I due nuovi indagati sono il pentito catanese Maurizio Avola, sicario di Cosa nostra, e del boss Marcello D’Agata, uno dei luogotenenti di maggiore fiducia dello storico capomafia Benedetto Santapaola. Davanti ai pm della procura di Caltanissetta Avola si è autoaccusato di avere avuto un ruolo nella fase preparatoria dell’attentato
Ventisette anni dopo ci sono due nuovi indagati per la strage di Capaci, in cui morirono il giudice Giovanni Falcone, la moglie Francesca Morvillo e gli uomini della sua scorta. Si tratta del pentito catanese Maurizio Avola, sicario di Cosa nostra, e del boss Marcello D’Agata, uno dei luogotenenti di maggiore fiducia dello storico capomafia Benedetto Santapaola. A indagare è la procura di Caltanissetta, l’ufficio giudiziario competente delle indagini sulla strage. La notizia riportata dal quotidiano Repubblicaviene confermata da fonti giudiziarie all’agenzia Ansa.
I verbali degli interrogatori di Avola sono stati depositati nel fascicolo del processo ‘Capaci bis‘ attualmente in corso a Caltanissetta. Avola si è autoaccusato di avere avuto un ruolo nella fase preparatoria dell’attentato: nei mesi precedenti alla strage di Capaci, sostiene di aver trasportato detonatori e tritolo a Termini Imerese, mettendoli a disposizione di Cosa nostra di Palermo. Con lui c’era anche D’Agata. Ma non solo. Perché ai magistrati, guidati dal procuratore Amedeo Bertone, il pentito ha rivelato di un ruolo avuto dalla mafia americana nell’attentato: agli inizi del 1992 avrebbe conosciuto un artificiere statunitense esperto in esplosivi inviato in Sicilia dal boss John Gotti. Dopo diversi interrogatori, che si sono protratti nel tempo, Avola avrebbe prima parlato in maniera non precisa “dell’inviato americano”, poi lo avrebbe identificato fornendone un identikit.

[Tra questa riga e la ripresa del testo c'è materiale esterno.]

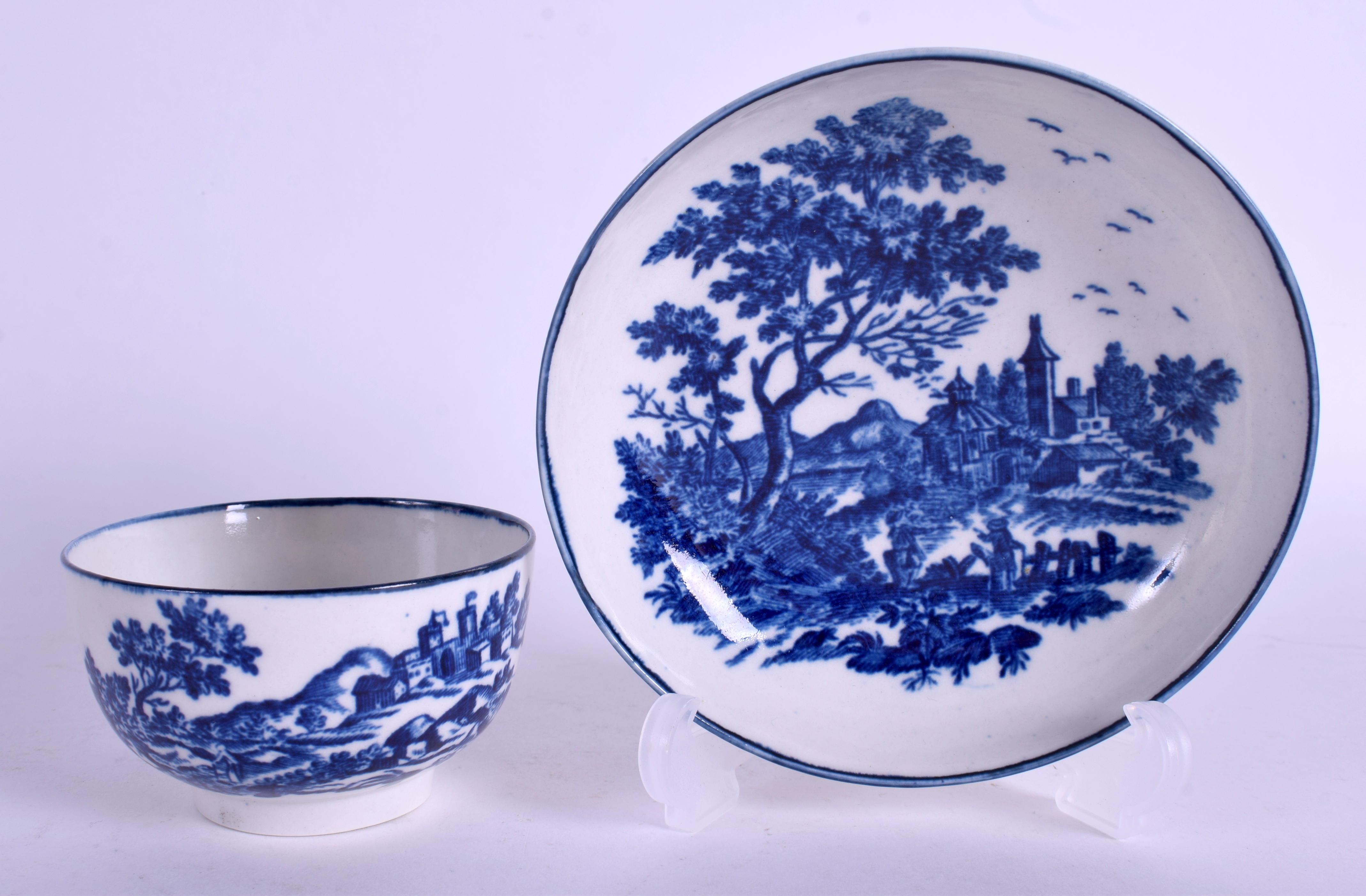 AN 18TH CENTURY WORCESTER TEA BOWL AND SAUCER printed with European landscapes. 11 cm wide. (2)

Maurizio Avola, 47 anni, è considerato uno dei sicari più sanguinari della cosca Santapaola che si è accusato di circa 50 omicidi, compreso quello del giornalista Pippo Fava ucciso dalla mafia il 5 gennaio del 1984 a Catania. Nel marzo scorso ha dato nuovo imput all’inchiesta della Dda di Reggio Calabria sull’omicidio di Antonio Scopelliti: dietro l’uccisione del giudice ci sarebbe stata un’alleanza mafia-‘ndrangheta. Arrestato nel novembre del 1993 nell’ambito della maxi operazione Orsa Maggiore contro la ‘famiglia Santapaola, Maurizio Avola collabora con la giustizia dal marzo del 1994.